Kendisine sövüldüğünde sövgüyle karşılık vermedi, acı çektiğinde kimseyi tehdit etmedi; davasını, adaletle yargılayan Tanrı'ya bıraktı.  (1 Petrus 2: 23)
Merhamet konusunu da iyi değerlendirmek gerekir. Bizlere merhamet duygusunu öğreten Allah'tır. Allah dilemeseydi, dünyada hiçkimse böyle bir duygunun varlığını bilmeyecekti. İnsanların tümü, merhamet duygusundan tamamen mahrum yaşayacaktı. Dolayısıyla, Allah'ın yarattığı ve öğrettiği bir şeyi Allah'a karşı delil gibi getirmek, Allah'a [Haşa] merhamet dersi vermeye cüret etmek (Allah'ı tenzih ederiz) son derece cahilcedir, büyük bir suçtur. Allah sonsuz merhametlidir. Yüce Allah kimin nasıl fıtratta yaratıldığını, kimin merhameti, kimin de azabı hak ettiğini kuşkusuz ki en iyi bilendir. Ahirette hiç kimse, en küçük bir haksızlıkla karşılaşmayacaktır.

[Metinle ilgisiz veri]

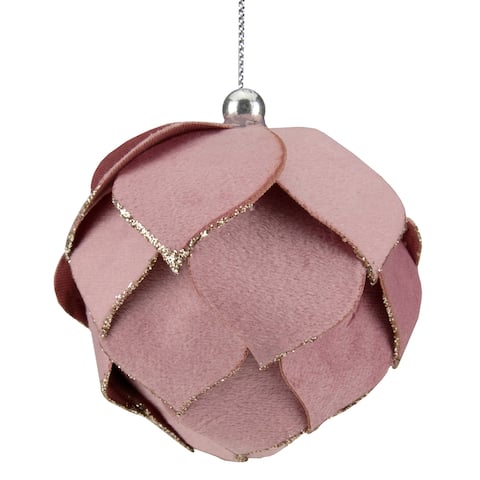 5" Pink Flower Glitter Petal Shatterproof Ball Christmas Ornament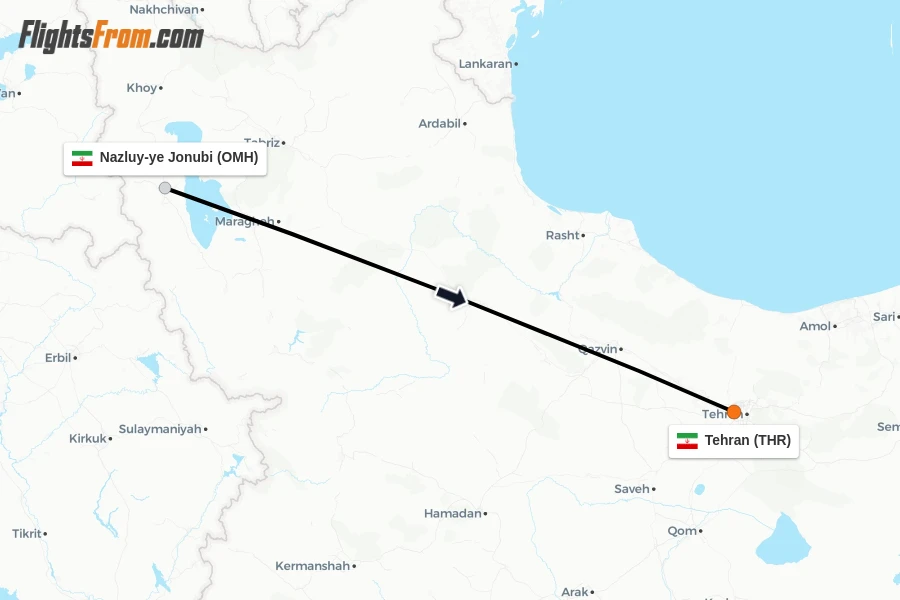 Flights from Nazluy-ye Jonubi to Tehran route map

Allah sonsuz adalet sahibidir ve ahirette herkes hakkında hak ile hüküm verilecektir. İncil'de Rabbimiz'in sonsuz adaletini ifade eden sözlerden bazıları şöyledir:

Haksızlık eden ettiği haksızlığın karşılığını alacak, hiçbir ayrım yapılmayacaktır.  (Pavlus'tan Koloselilere Mektup, 3:25)

[Allah] kötülük eden herkese... sıkıntı ve elem verecek; iyilik eden herkese... yücelik, saygınlık, esenlik verecektir. Çünkü Allah insanlar arasında ayrım yapmaz.  (Pavlus'tan Romalılara Mektup, 2:9-11)

Allah "herkese, yaptıklarının karşılığını verecektir." Sürekli iyilik ederek yücelik, saygınlık, ölümsüzlük arayanlara sonsuz yaşam verecek. Bencillerin, gerçeğe uymayıp haksızlık peşinden gidenlerin üzerineyse gazap ve öfke yağdıracak.  (Pavlus'tan Romalılara Mektup, 2:6-8)

Allah adaletsiz değildir. [Allah'ı tenzih ederiz.] Emeğinizi ve kutsallara hizmet etmiş olarak ve etmeye devam ederek O'nun adına gösterdiğiniz sevgiyi unutmaz.  (İbranilere Mektup, 6:10)Allah Kuran ayetlerinde ise şöyle buyurur:

Biz ise, kıyamet gününe ait duyarlı teraziler koyarız da artık, hiçbir nefis hiçbir şeyle haksızlığa uğramaz. Bir hardal tanesi bile olsa ona (teraziye) getiririz. Hesap görücüler olarak Biz yeteriz. (Enbiya Suresi, 47)Zulmeden her nefis, yeryüzündekilerin tümüne sahip olsa bunu (azaba karşılık) mutlaka fidye olarak verirdi. Onlar azabı görünce pişmanlıklarını gizlerler, oysa onlar haksızlığa uğratılmadan aralarında adaletle hükmedilmiştir. (Yunus Suresi, 54)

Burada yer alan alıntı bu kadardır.